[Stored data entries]

►

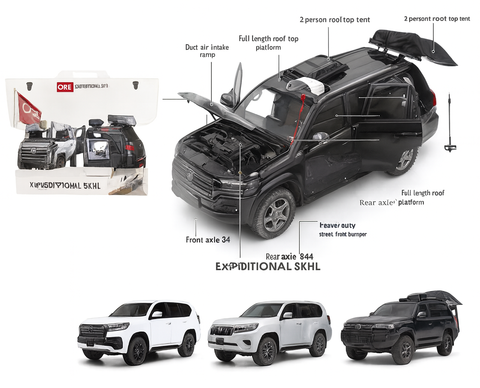 Машина металл Лексус 600 8 в уп 24 см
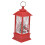 Lanterna LED di Babbo Natale rossa dimensione piccola 160mAh 13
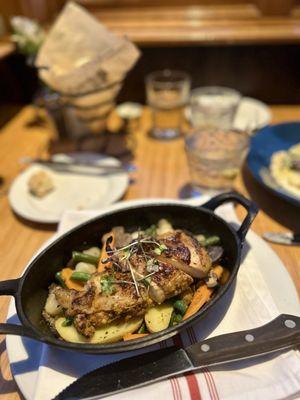 Roasted Airline Chicken Breast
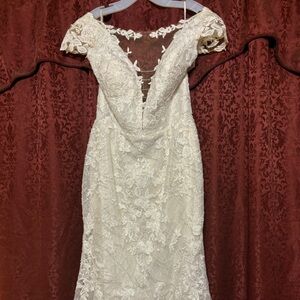 Size 12 never worn .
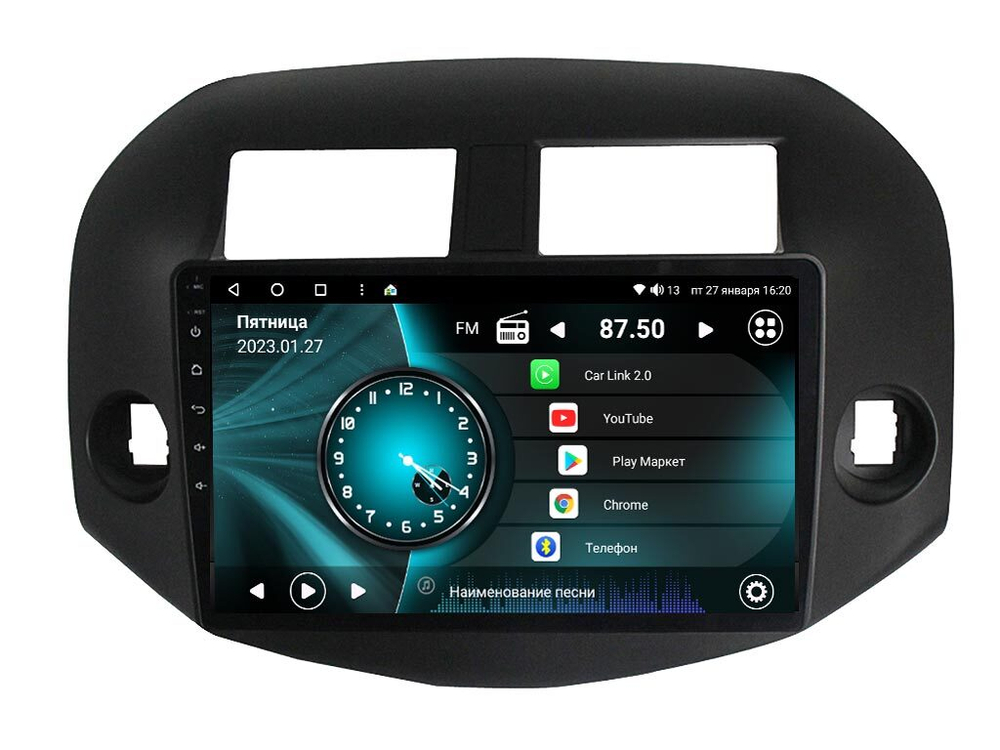 Магнитола для Toyota RAV4 2005-2012 - Vaycar VA77-0018 на Android 13, 8-ядер, 4G SIM-слот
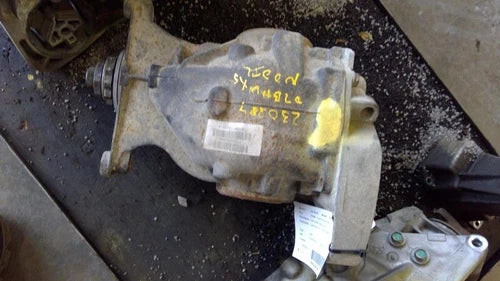 2007-2010 BMW X5 Rear 3.0L (4.44 Ratio) Used OEM Rear Differential Carriers used OEM rear differential carrier assembly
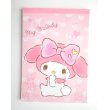 Photo1: Sanrio My Melody Mymelo Memo Pad Brand New (1)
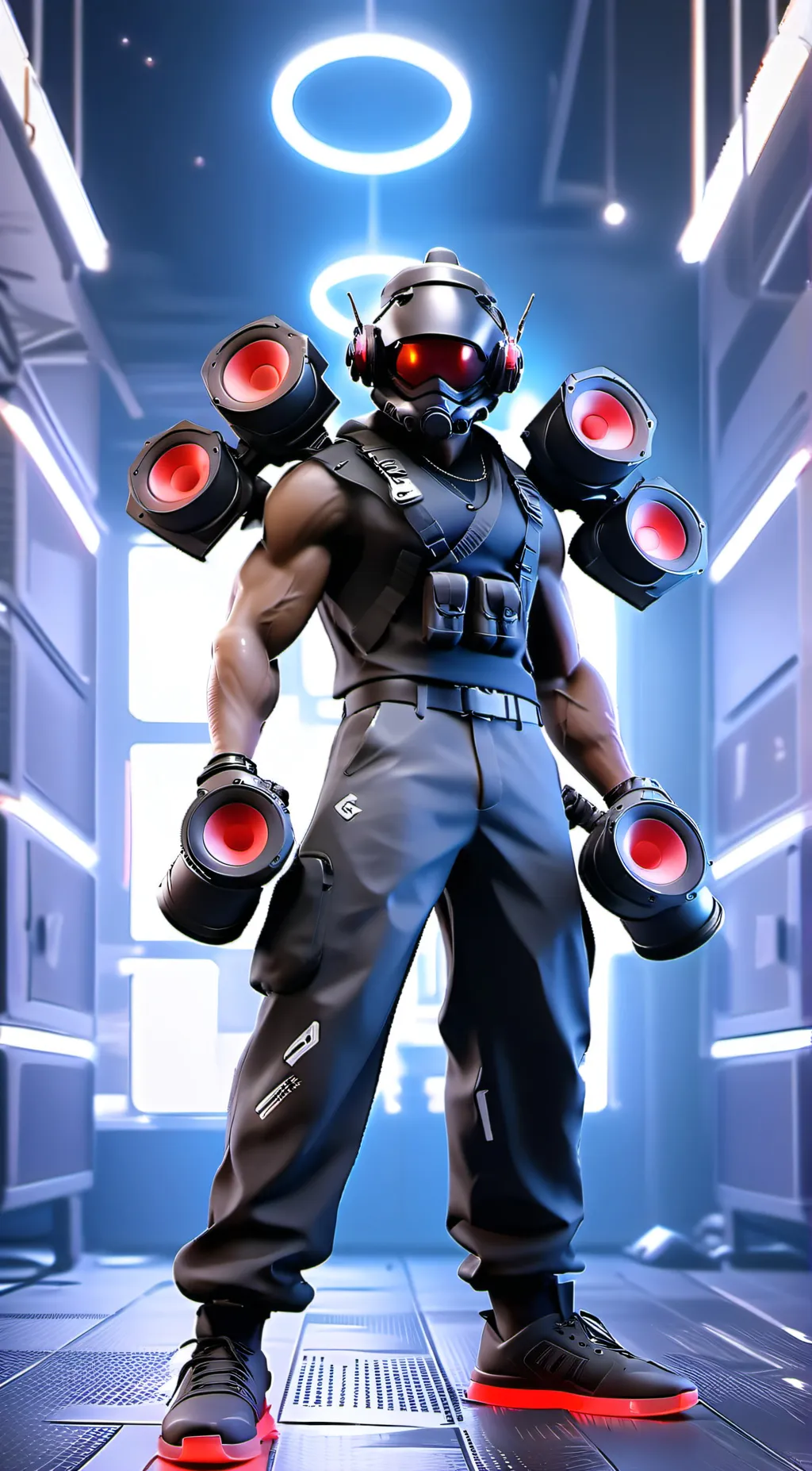 Talkie AI - Chat with The Red Dominator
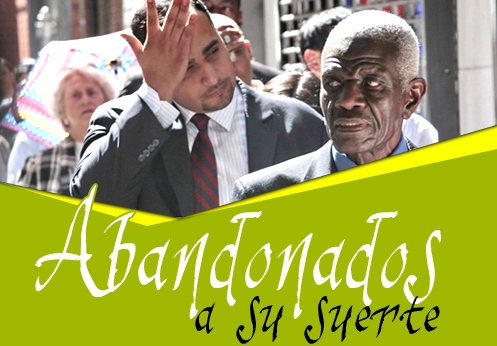 ABANDONADOS A SU SUERTE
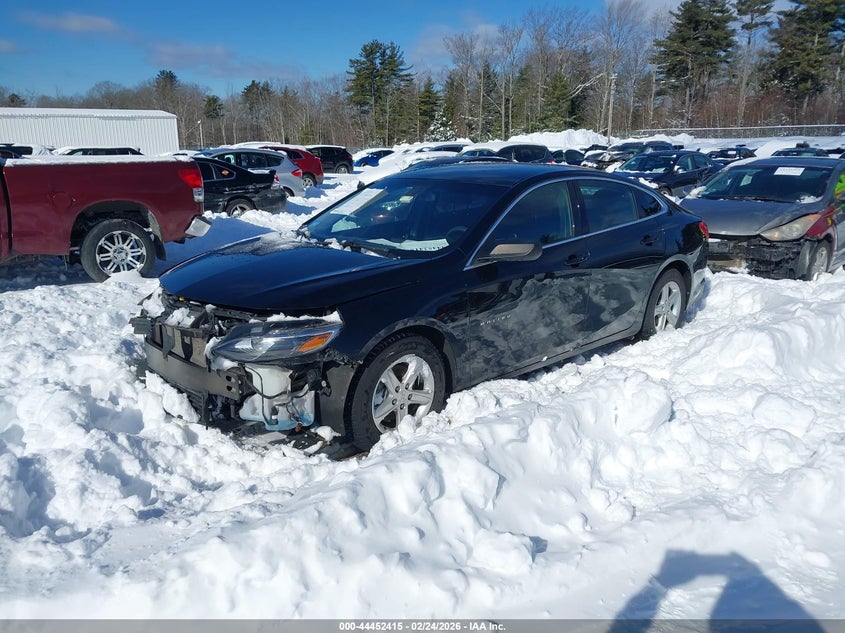 2019 Chevrolet Malibu 1Ls
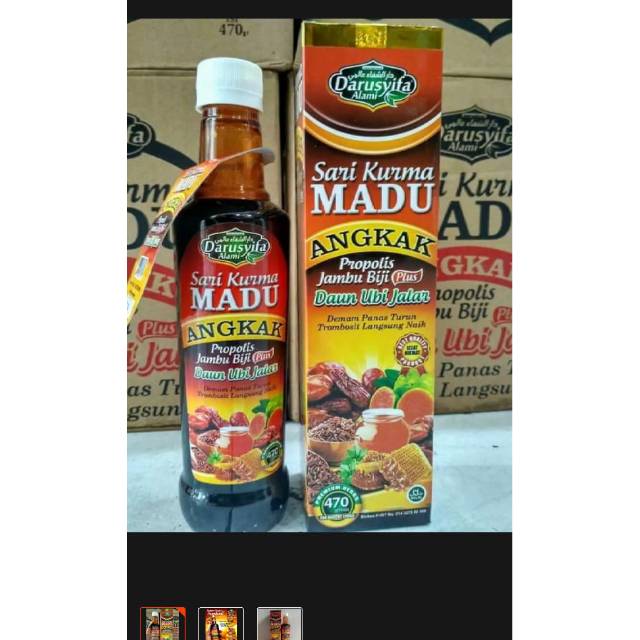 

Madu pahit angkak super komplit 470 gram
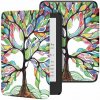 Armori Trimer T134, puzdro pre Amazon Kindle 6 (7. generácia) - magnetické zatváranie, AutoSleep, motív Tree (Obal na čítačku Amazon Kindle 6 (7. generácia) - ARMORI TRIMER T134, motív Tree, magnet +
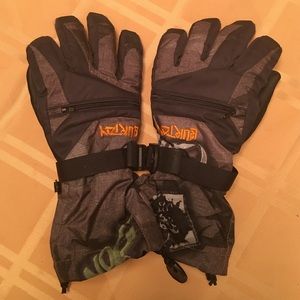 Burton ski gloves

◄

*Aim of the task*:
Above are some records; quote exactly and only the lines that begin at the line containing "Photo1: Sanrio My" and stop after the line containing "Madu pahit angkak super komplit 470 gram", leaving out the pictures.

*Task result*:
 Photo1: Sanrio My Melody Mymelo Memo Pad Brand New (1)
 Talkie AI - Chat with The Red Dominator
 ABANDONADOS A SU SUERTE
 2019 Chevrolet Malibu 1Ls

Madu pahit angkak super komplit 470 gram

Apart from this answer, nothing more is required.